» **What you need to do**
When you transcribe the listing that follows, keep every line exact and skip any picture.

» **Given information**
──────
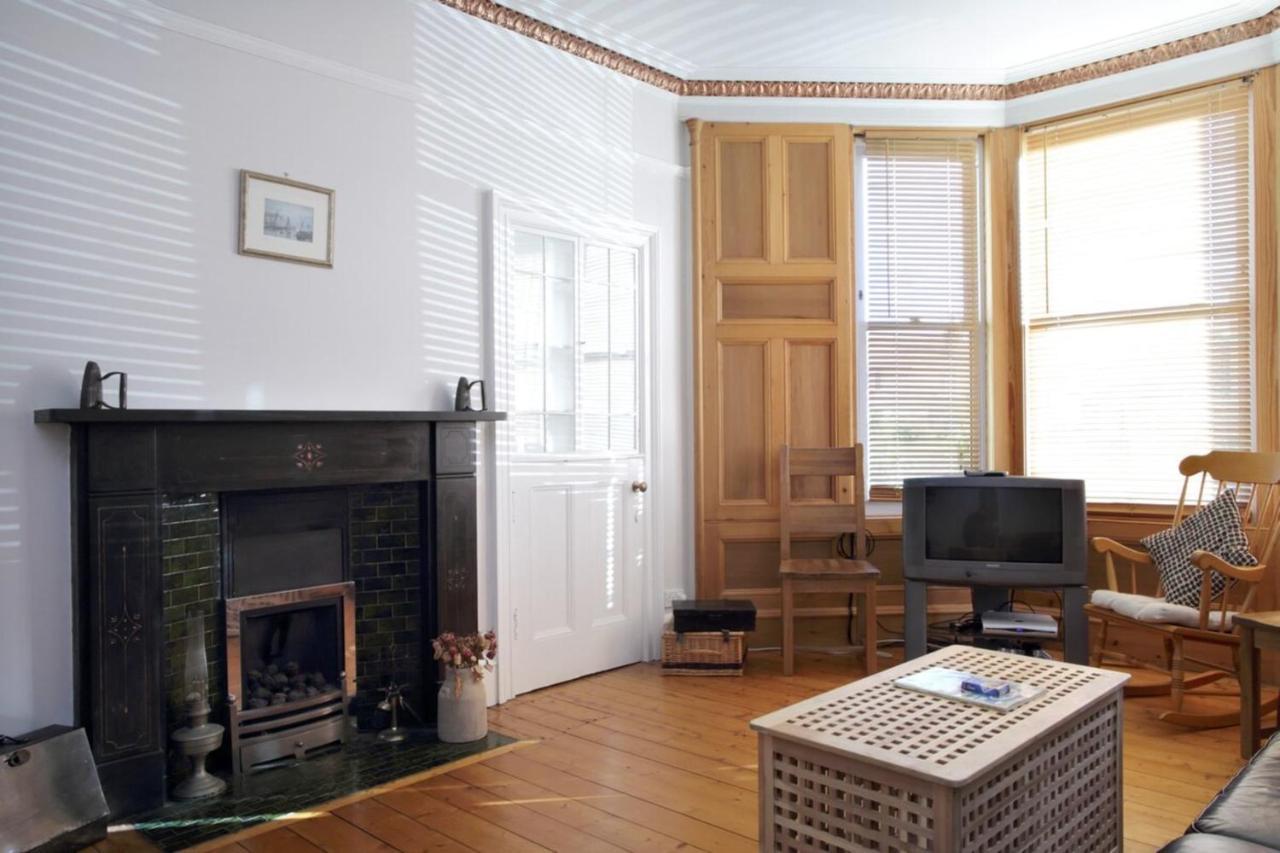 Central And Spacious 2 Bedroom Flat With Garden Эдинбург Экстерьер фото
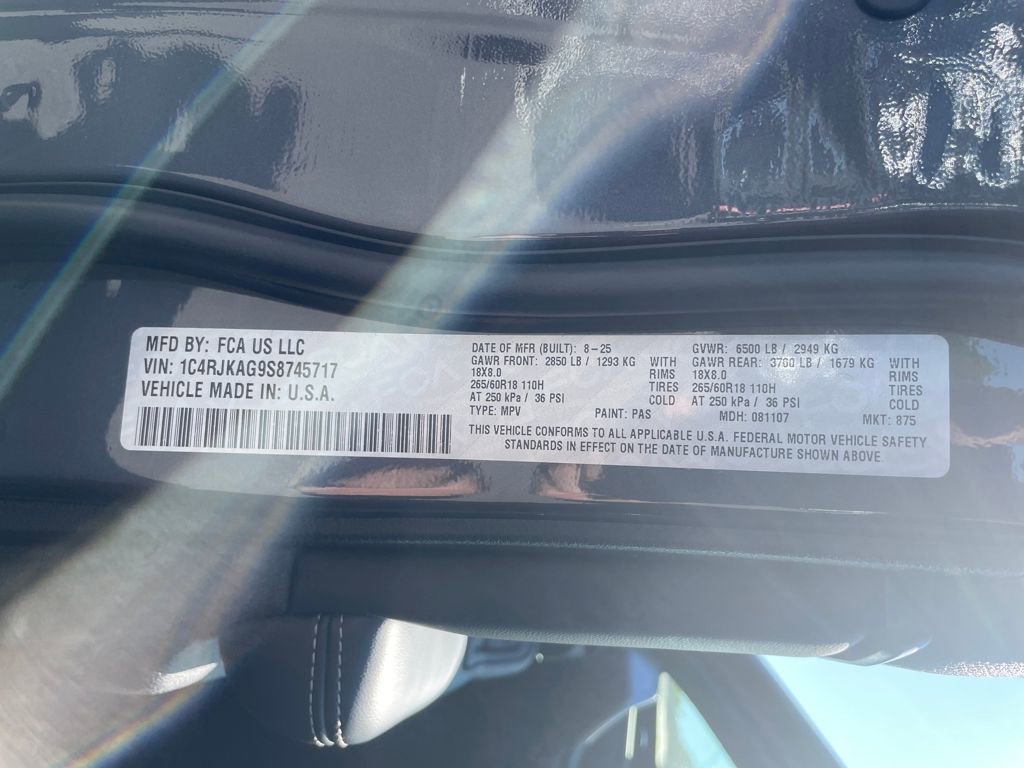 New 2025 Jeep Grand Cherokee L Laredo image 16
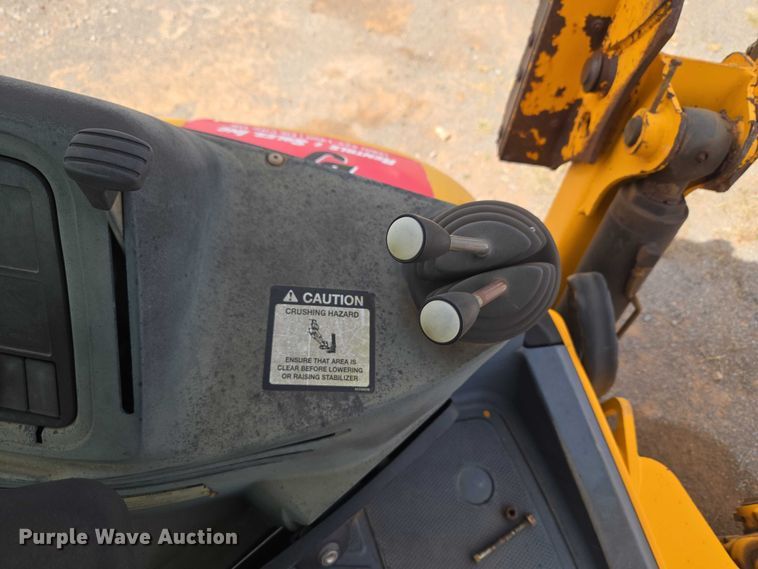 image for item ET1477 2006 JCB 3CX backhoe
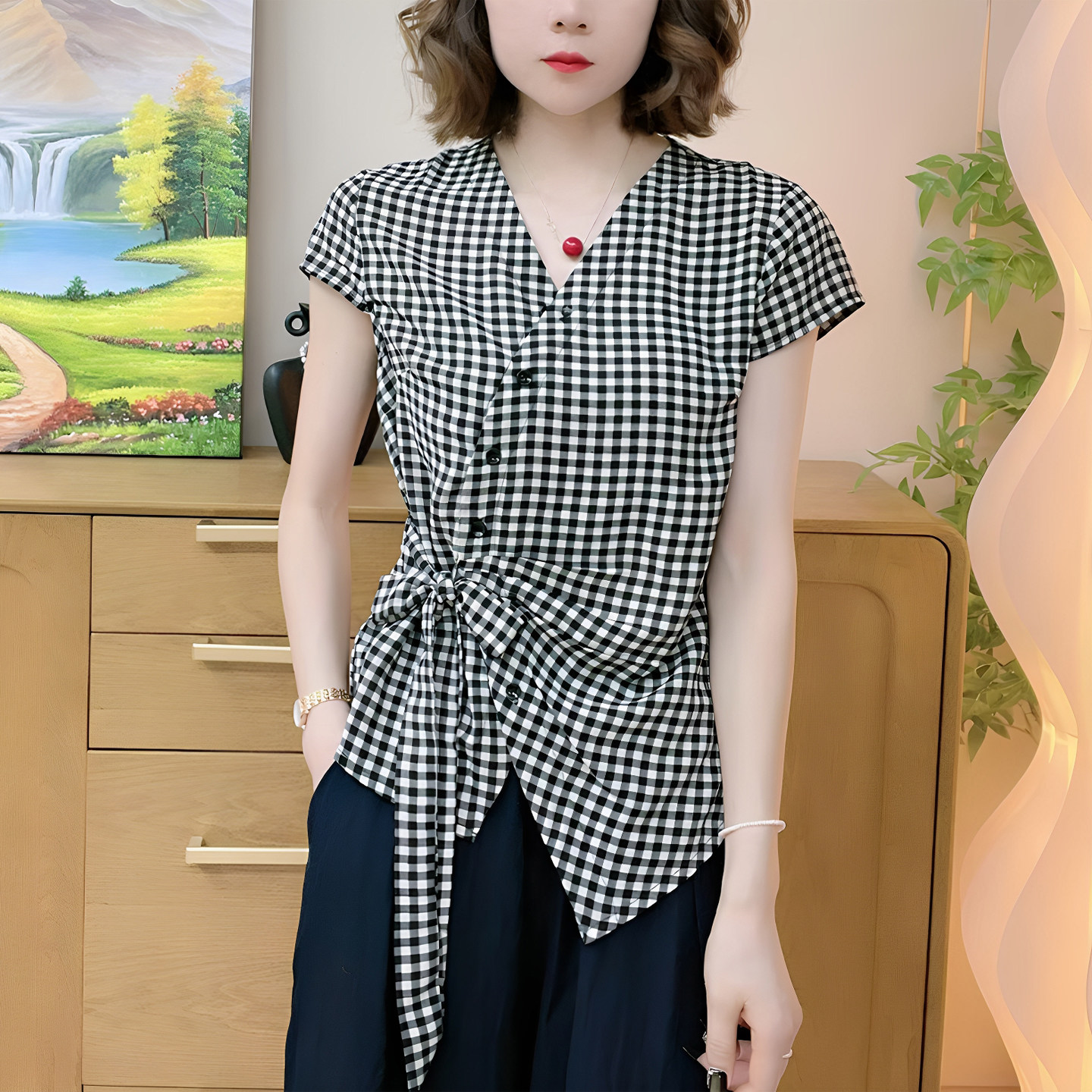 时尚女夏V领斜门襟系带短袖小衫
──────
» **Response for this exercise**
 Central And Spacious 2 Bedroom Flat With Garden Эдинбург Экстерьер фото
 New 2025 Jeep Grand Cherokee L Laredo image 16
 image for item ET1477 2006 JCB 3CX backhoe
 时尚女夏V领斜门襟系带短袖小衫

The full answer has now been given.